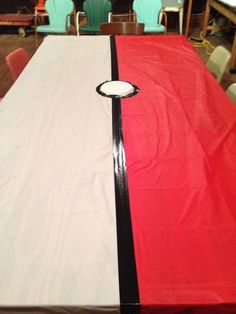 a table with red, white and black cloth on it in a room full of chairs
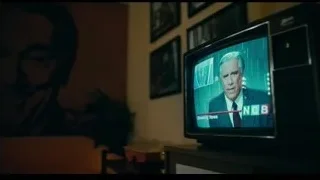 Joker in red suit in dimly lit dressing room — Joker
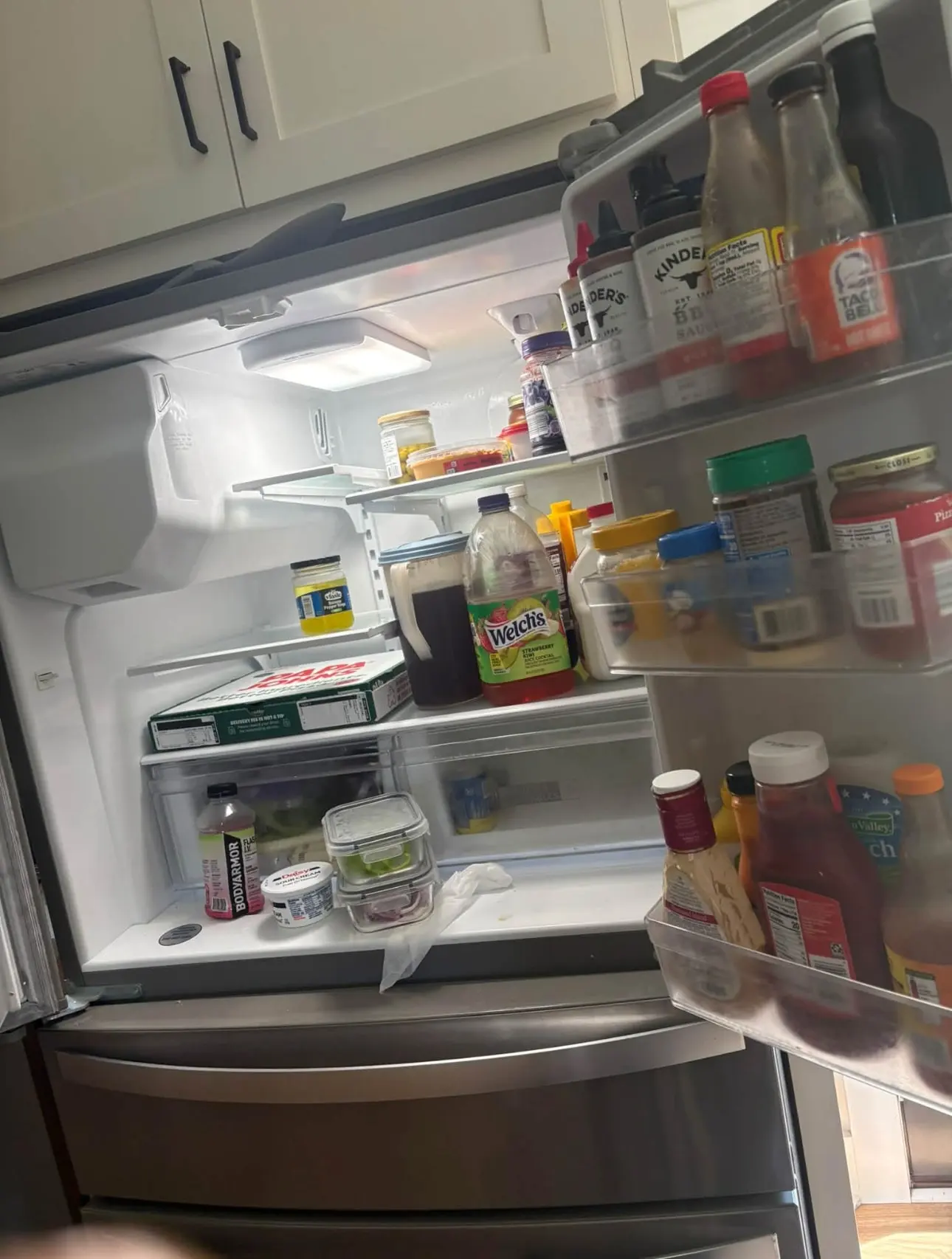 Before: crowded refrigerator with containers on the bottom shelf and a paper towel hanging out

▸ EXERCISE DETAILS:
Go through the data and return every word of it verbatim, leaving out the pictures.

▸ TASK OUTPUT:
 a table with red, white and black cloth on it in a room full of chairs
 Joker in red suit in dimly lit dressing room — Joker
 Before: crowded refrigerator with containers on the bottom shelf and a paper towel hanging out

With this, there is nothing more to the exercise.